### Given records
BEGIN

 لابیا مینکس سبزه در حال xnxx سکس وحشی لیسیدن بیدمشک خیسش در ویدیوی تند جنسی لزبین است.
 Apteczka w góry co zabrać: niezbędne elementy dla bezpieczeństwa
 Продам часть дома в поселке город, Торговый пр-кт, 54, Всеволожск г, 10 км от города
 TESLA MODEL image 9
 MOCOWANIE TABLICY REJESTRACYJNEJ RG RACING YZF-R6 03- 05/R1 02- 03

END
BEGIN

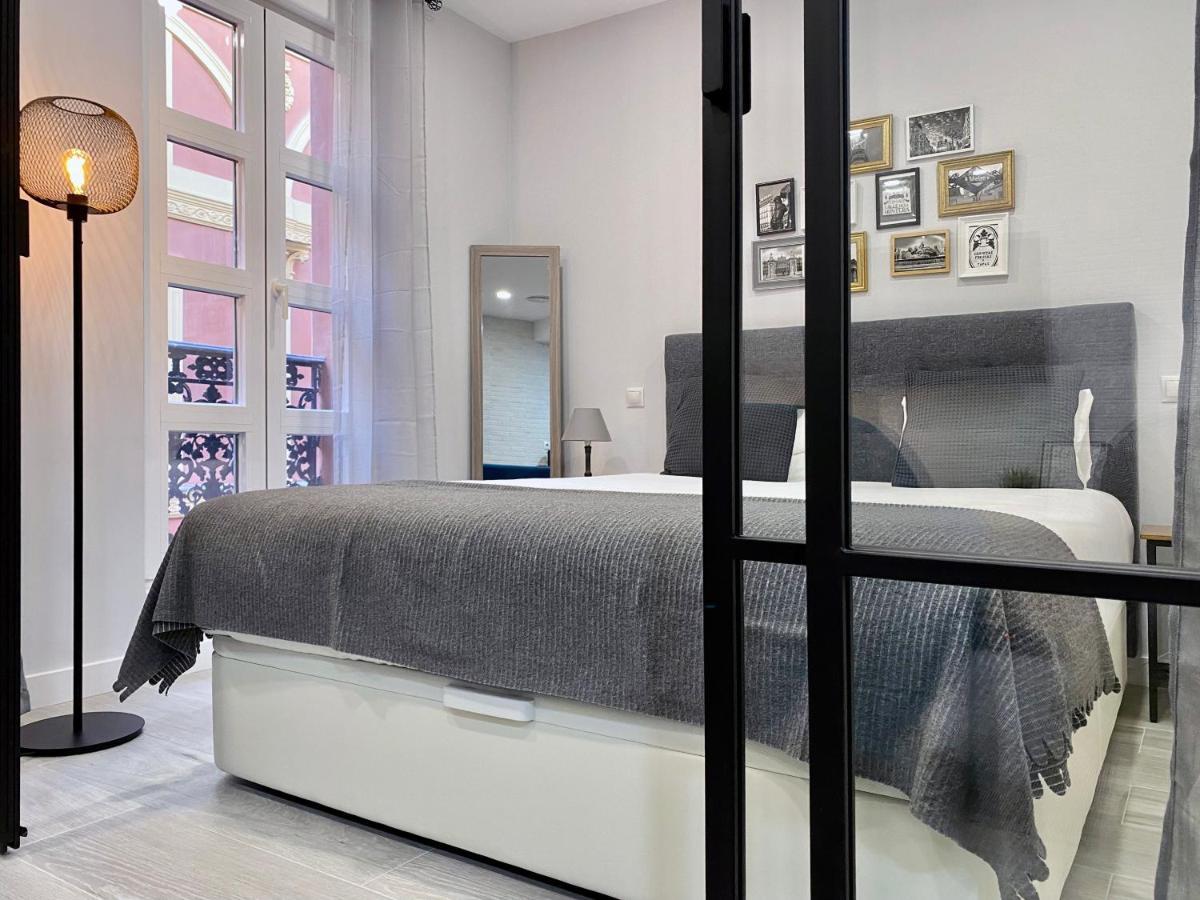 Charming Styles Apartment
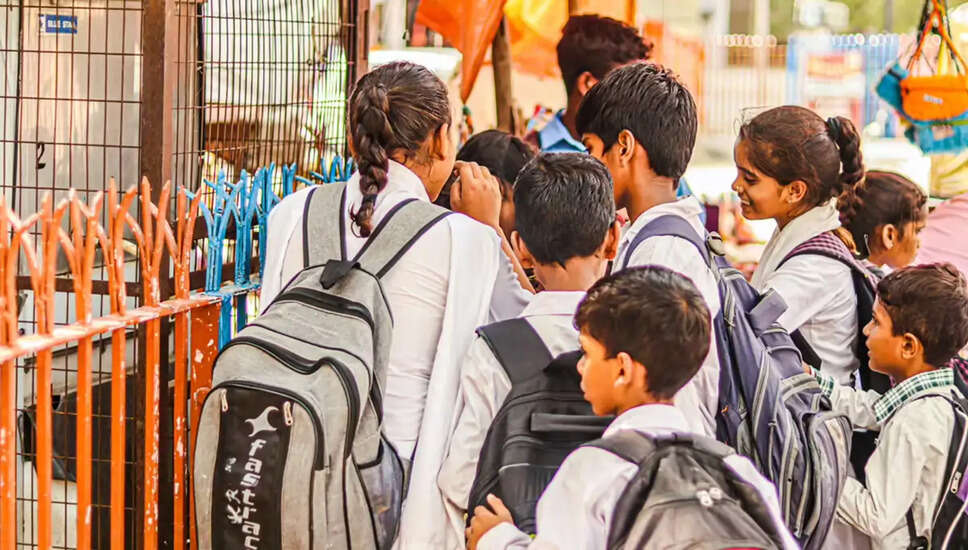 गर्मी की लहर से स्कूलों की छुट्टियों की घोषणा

END
BEGIN

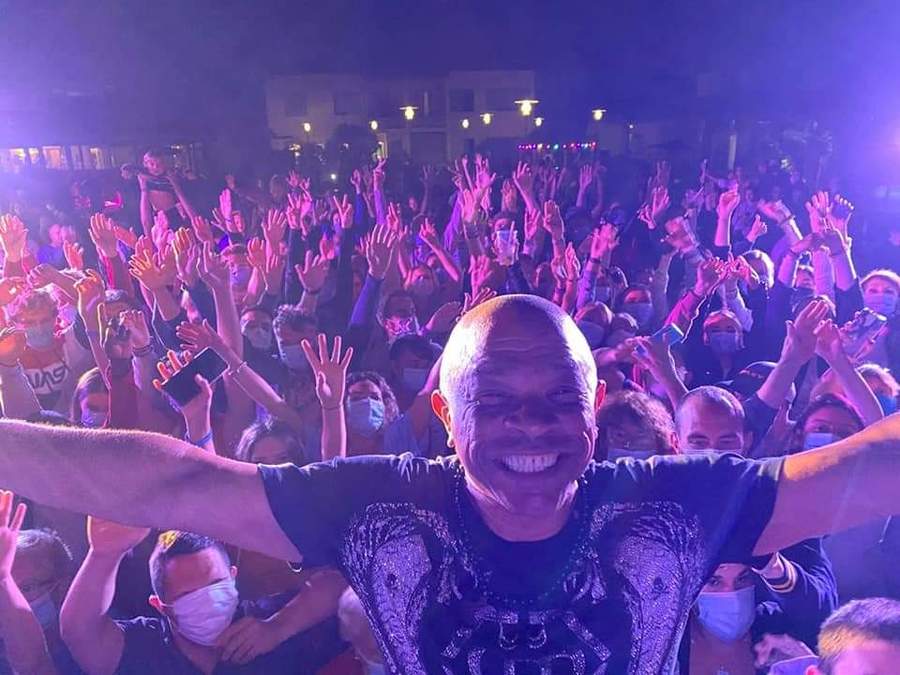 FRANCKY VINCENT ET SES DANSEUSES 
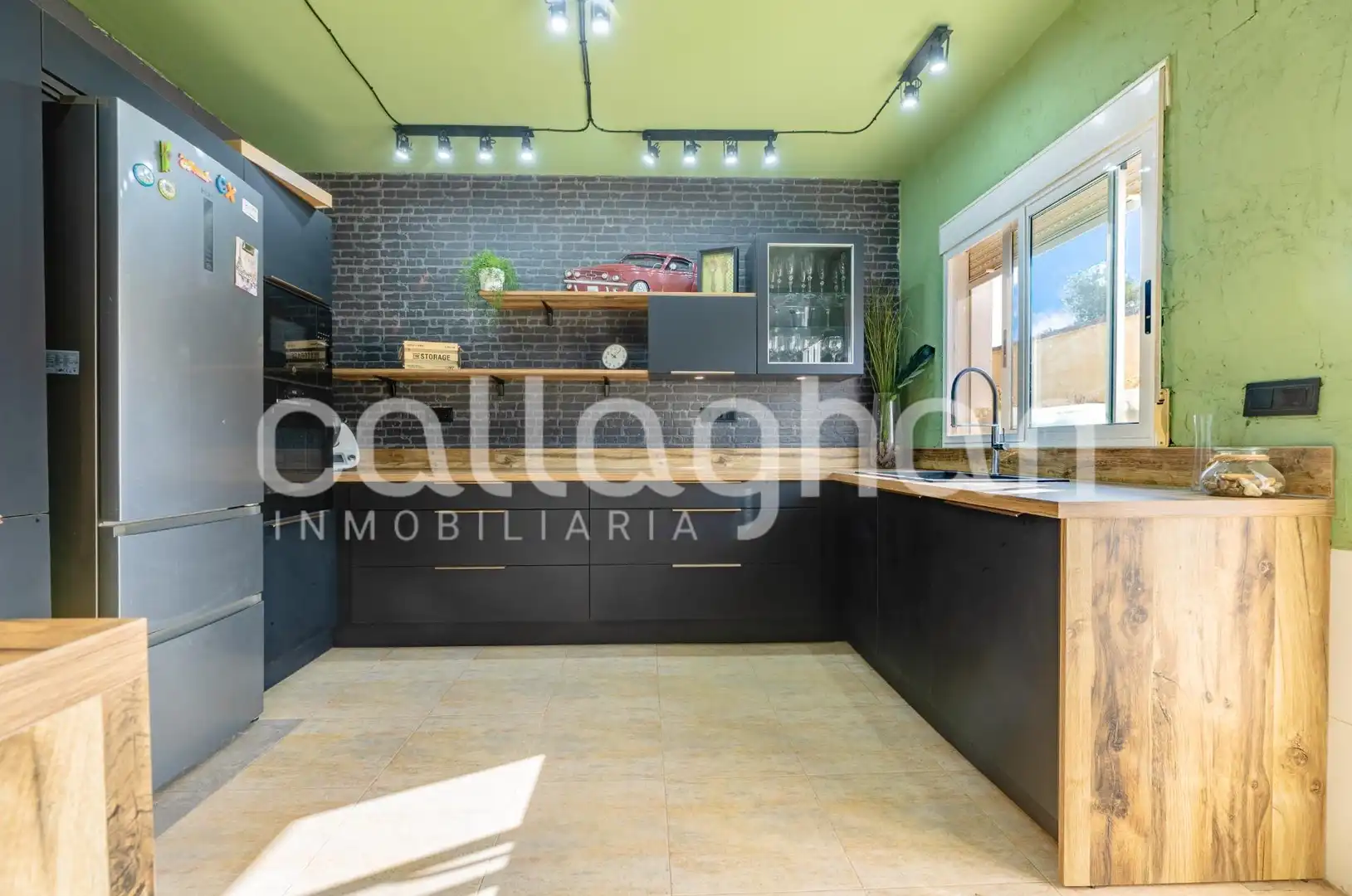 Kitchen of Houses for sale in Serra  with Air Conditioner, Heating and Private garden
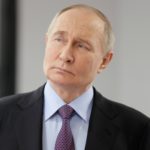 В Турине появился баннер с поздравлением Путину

END

### Work request
Everything between and including the line above containing "Charming Styles Apartment" and the line containing "गर्मी की लहर" should be reproduced exactly, with pictures excluded.

### Exercise output
 Charming Styles Apartment
 गर्मी की लहर से स्कूलों की छुट्टियों की घोषणा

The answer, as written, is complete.